TCK"nun 50/3. maddesinin gerekçesi; “Maddenin üçüncü fıkrasında, kısa süreli hapis cezasının adli para cezası veya diğer seçenek tedbirlerden birine çevrilmesi açısından mahkemenin takdir yetkisinin olmadığı hâller belirlenmiştir. Bu hâllerde, mahkeme kısa süreli hapis cezasını adli para cezasına veya diğer seçenek tedbirlerden birine çevirecektir. Bunun için kişinin daha önce hapis cezasına mahkûm edilmemiş olması ve hükmolunan hapis cezasının otuz günden fazla olmaması gerekir. Keza, daha önce hapis cezasına mahkûm edilmemiş olmak koşuluyla, fiili işlediği tarihte onsekiz yaşını doldurmamış veya altmışbeş yaşını bitirmiş bulunanların mahkûm edildiği bir yıl veya daha az süreli hapis cezası, birinci fıkrada yazılı seçenek yaptırımlardan birine çevrilir” şeklindedir.
TCK"nun 50/3. maddesinde seçenek yaptırımlara çevirmenin zorunlu olduğu haller düzenlenmiş olup, buna göre daha önce hapis cezasına mahkum edilmemiş olmak kaydıyla, mahkum olunan otuz gün ve daha az süreli hapis cezası ile suç tarihinde onsekiz yaşını doldurmamış veya altmışbeş yaşını bitirmiş bulunanların mahkum olduğu kısa süreli hapis cezasının seçenek yaptırımlardan birine çevrilmesi zorunludur. Burada hakime takdir hakkı tanınmamış olup, şartların oluşması halinde fıkrada belirtilen sürelerdeki hapis cezalarını maddenin birinci fıkrasında sayılan seçenek yaptırımlardan birine çevrilmesi zorunlu kılınmıştır. Kanun koyucu seçenek yaptırımlara çevirme noktasında bir sınırlama getirmemiş, hapis cezasının birinci fıkrada belirtilen seçenek yaptırımlardan herhangi birine çevrileceğini belirtmiş, nitekim madde gerekçesinde; “bu hâllerde, mahkeme kısa süreli hapis cezasını adli para cezasına veya diğer seçenek tedbirlerden birine çevirecektir” denilmek suretiyle kısa süreli hapis cezasının para cezası dahil seçenek yaptırımlardan birine çevrilebileceği açıkça hükme bağlanmıştır.

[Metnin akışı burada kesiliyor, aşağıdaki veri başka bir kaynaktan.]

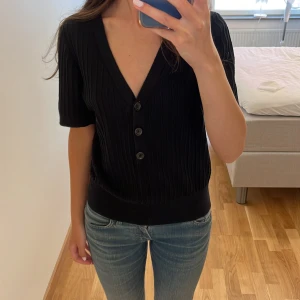 Svart ribbad topp - Jättefin rippad topp från H&M. Inga defekter🩷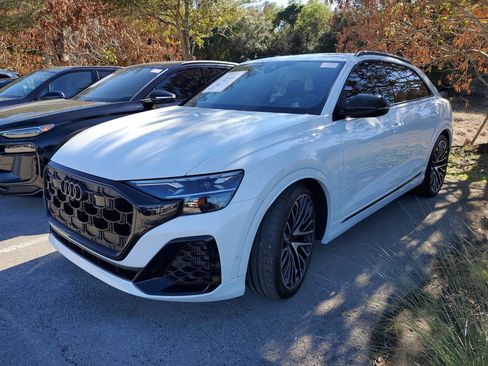 Certified 2024 Audi SQ8 Prestige image 2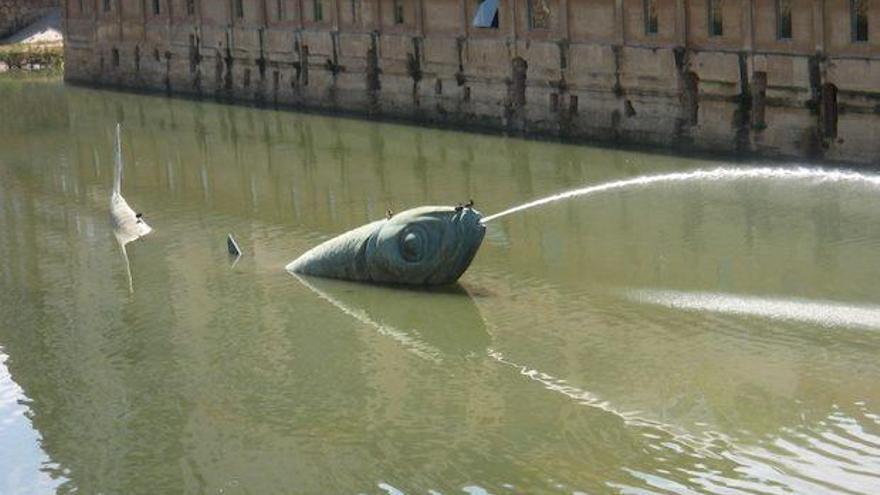 Escultura de la Sardina en el río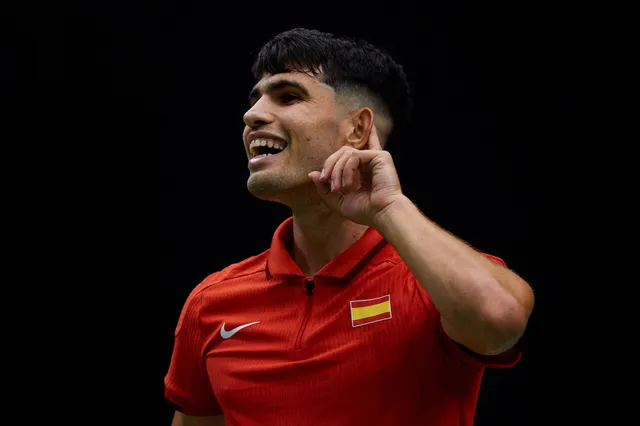 Carlos Alcaraz destroza a Ugo Humbert y clasifica a España para las Finales de la Copa Davis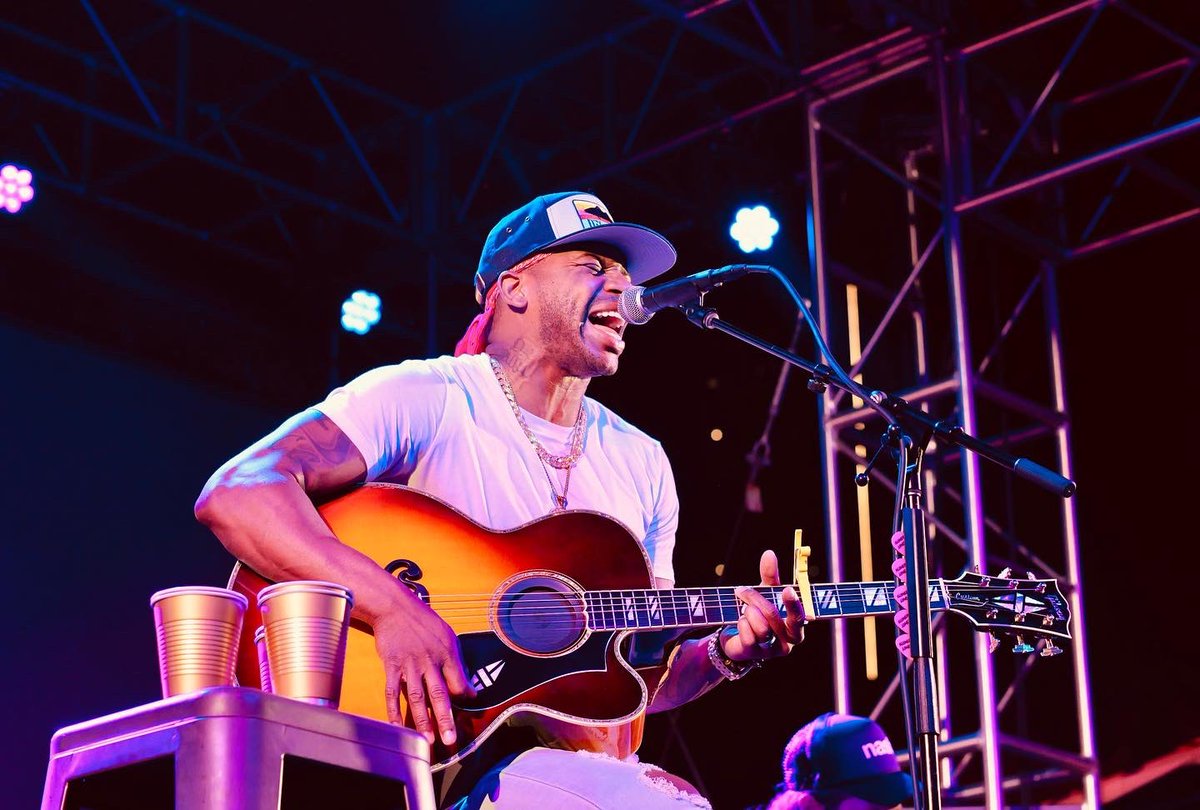 markuskoger's tweet photo. @JimmieAllen killed it on Tuesday night! Only show in Nashville this year! https://t.co/jmEe7MkEO0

Özel Dairenin eleştirisi göz önünde bulundurularak, sanığın eylemine uyan ve suç tarihi itibarıyla yürürlükte olan TCK"nun 142/1-b maddesi uyarınca cezalandırılmasına karar verilmesi halinde, sanık hakkında uygulanacak ceza, 142/1-b, 31/3 ve 62. maddeleri uyarınca, bir yıl bir ay on gün hapis cezası olacaktır. Bu cezanın anılan kanunun 49/2. maddesi uyarınca kısa süreli hapis cezası olmaması nedeniyle sanık hakkında Kanunun 50. maddesinde öngörülen seçenek yaptırımların uygulanamayacağı açıktır.

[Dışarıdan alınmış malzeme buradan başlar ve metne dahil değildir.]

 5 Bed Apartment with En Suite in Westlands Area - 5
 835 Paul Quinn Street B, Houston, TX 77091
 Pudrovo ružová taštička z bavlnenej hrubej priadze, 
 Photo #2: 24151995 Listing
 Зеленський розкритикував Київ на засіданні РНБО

Yargıtay Ceza Genel Kurulunun 17.11.1998 gün ve 282-348, 23.03.2004 gün ve 41-70 ile 04.03.2008 gün ve 47-43 sayılı kararlarında ayrıntılı olarak açıklandığı üzere; lehe kanun yolu davası üzerine aleyhe değiştirememe kuralı uyarınca hakkında ağır sonuç ceza uygulanmayan, diğer bir deyişle bu kuraldan yararlanmış olan bir sanığın, önceki yanılgılı uygulama nedeniyle ortaya çıkan hafif sonuç cezadan ötürü ikinci kez avantajlı bir uygulamadan yararlandırılması adalet ve hakkaniyet ilkeleriyle bağdaşmaz.

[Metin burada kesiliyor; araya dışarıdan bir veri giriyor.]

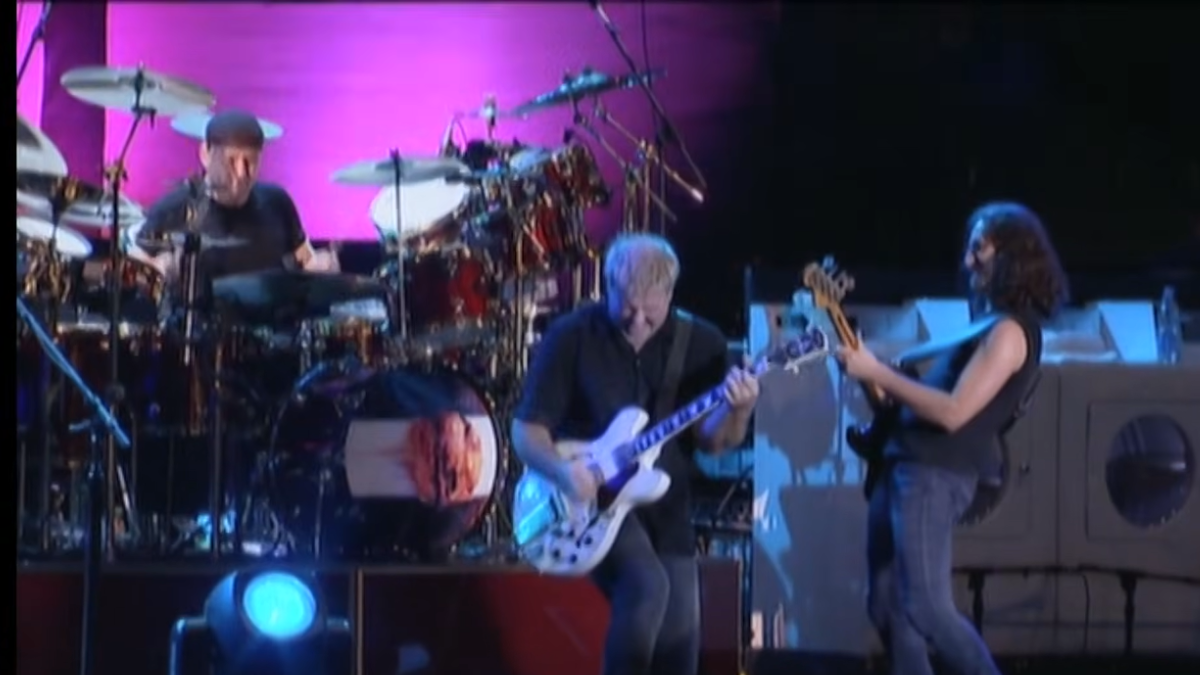 Como 40 mil fãs fizeram história no dia em que o Rush tocou no Maracanã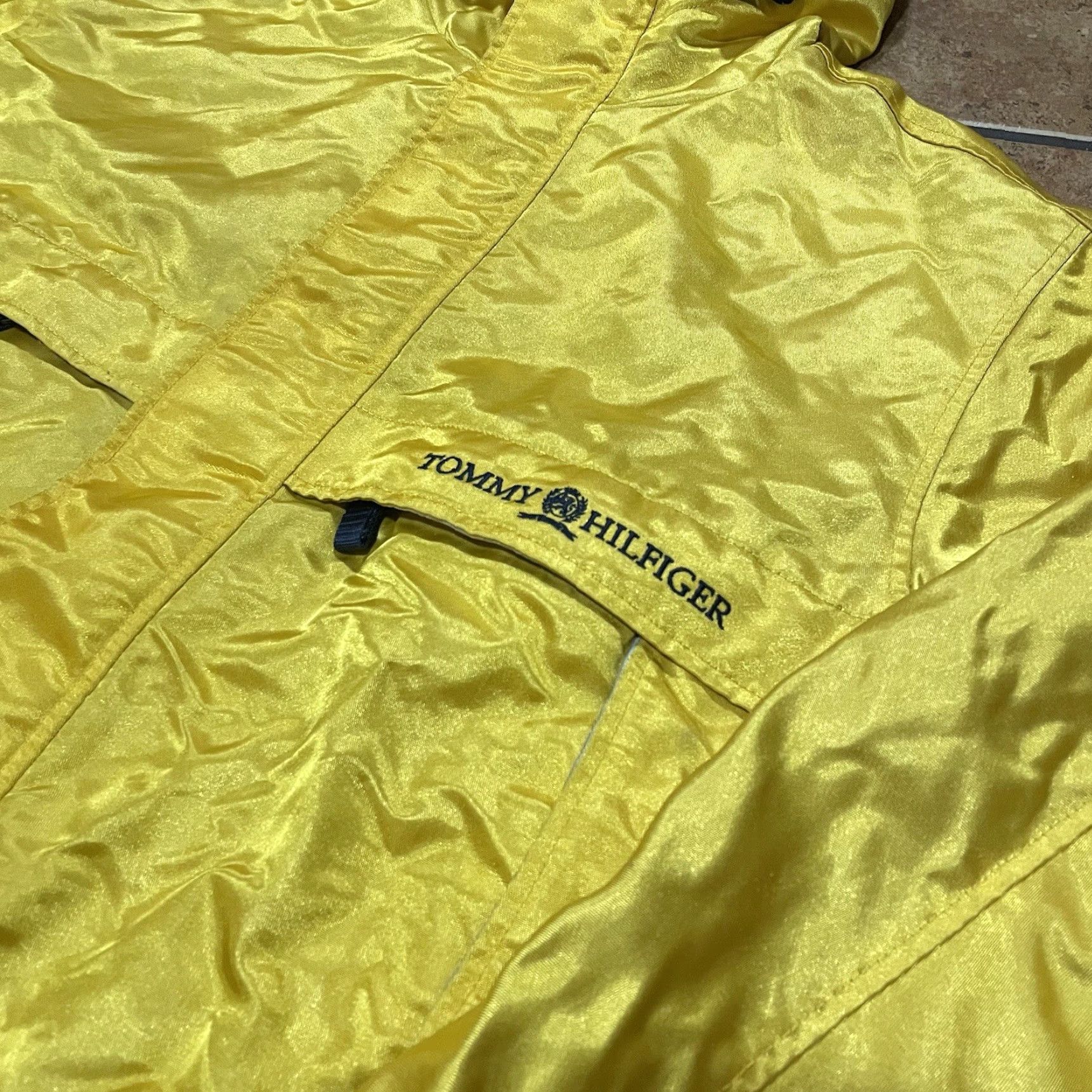 Tommy Hilfiger VINTAGE Tommy Hilfiger Jacket Yellow Mens Large Hoodie Parka Coat Rain VTG Sailing Size US L / EU 52-54 / 3 - 2 Thumbnail
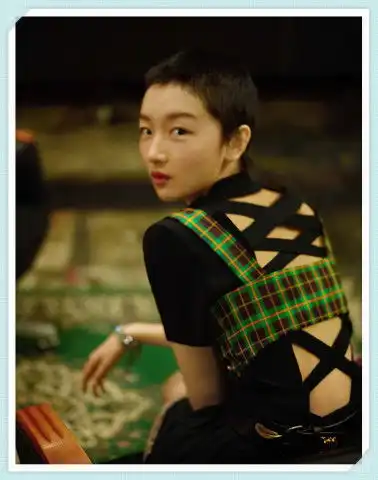 有一种整容叫周冬雨剪寸头,照片曝光引热议,这脸也太真实了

Bu açıklamalar ışığında uyuşmazlık konusu değerlendirildiğinde;
Sanık hakkında sonuç olarak hükmedilen hürriyeti bağlayıcı cezanın, yanılgılı uygulama sonucunda bir yılın altında onbir ay yirmi gün hapis olarak belirlenmiş olması karşısında, bu yanılgılı uygulama nedeniyle ortaya çıkan hafif sonuç cezadan dolayı, sanığa bir kez tanınan atıfetin genişletilmek suretiyle hakkaniyete aykırı olarak adalet ve eşitlik ilkelerini zedeleyecek şekilde sonuç doğuracak biçimde, özgürlüğü bağlayıcı cezanın TCK"nun 50/3. maddesi uyarınca, aynı maddenin 1. fıkrasındaki seçenek yaptırımlardan birisine çevrilmesine kanunen imkan bulunmamaktadır.
Nitekim Ceza Genel Kurulunun 20.05.2014 gün ve 774-266 ile 27.04.2010 gün ve 73-97 sayılı kararlarında da aynı sonuca ulaşılmıştır.
Bu itibarla Yargıtay Cumhuriyet Başsavcılığı itirazının reddine karar verilmelidir.
SONUÇ:
Açıklanan nedenlerle,
1- Yargıtay Cumhuriyet Başsavcılığı itirazının REDDİNE,
2- Dosyanın, mahalline gönderilmek üzere Yargıtay Cumhuriyet Başsavcılığına TEVDİİNE, 17.11.2015 günü yapılan müzakerede oybirliğiyle karar verildi.